According to the pathologist, abnormal situs could suggest a right but incomplete isomerism. This kind of heterotaxy (defects of lateralization) is also called Ivemark Syndrome.

Microscopically (despite marked autolysis) :

  • Bilateral cytomegaly of adrenal gland
  • Placenta : very involutive and fibrous with subtrophoblastic linear calcification
  • Nucleomegaly at the myocardium
  • Thickening of the endocardium with myocardial fibrosis

1999 :

Termination of pregnancy was performed as well in the case of female fetus at 17 weeks of gestation because of hydrops with intrauterine growth retardation (IUGR about 13 weeks). But the pathologist could not compare this one to the first one because of D&C procedure. The only features are tapering fingers and toes (typical of hydrops), normal umbilical cord (10 cm), aplasia of umbilical artery. However, one ultrasound negative reveals abnormal profile with receding forehead and retrognathia ; which could be the same dysmorphic syndrome as in 1998.

Microscopically :

  • Calcified aspect of subtrophoblastic basal membrane
  • Many small and fibrous villosities
  • In heart, large mass of myocardial fibers ("balloon-shaped" and clear) with nucleomegalies

The question still remains unsolved

A determining cause was not discovered, despite chromosomal tests (normal karyotypes of parents and babies) and viral analyses (toxoplasmosis, rubella, herpes, CMV, parvovirus B19 for IgM, direct Coomb negative).

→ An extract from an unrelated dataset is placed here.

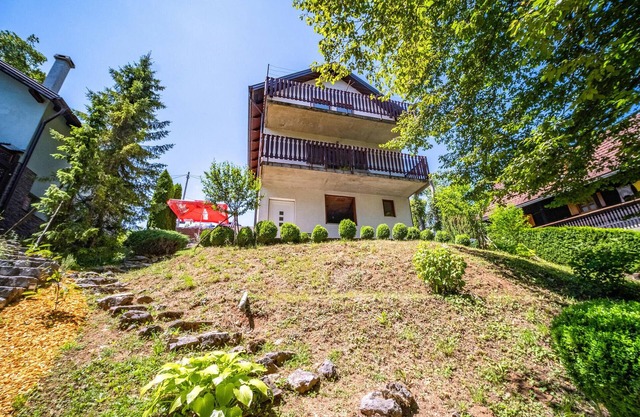 Beautiful home in Duga Resa with WiFi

In both cases, myocardial fibrosis and nucleomegaly could suggest a myocardiopathy : rhabdomyomatosis (rhabdomyoma) or lipidic storage as described in histiocytoid cardiomyopathy (some forms are linked to mitochondrial pathologies).

In case of recurrence, every metabolic disease involving mitochondria or cholesterol (Smith-Lemli-Opitz syndrome) should be ruled out.

IUGR, i.e. microcephalic dwarfism, dysmorphic facies and hypoplasia of the fibula for the first fetus may raise the possibility of Seckel Syndrome. But the X-Ray is not good enough to show hands and feet bones in detail. Consequently, this diagnosis is not reliable.

Although no common aetiology between these pathologies was found in the literature, there may be a vital lead...

Any information or previous experience would be very helpful and more than appreciated.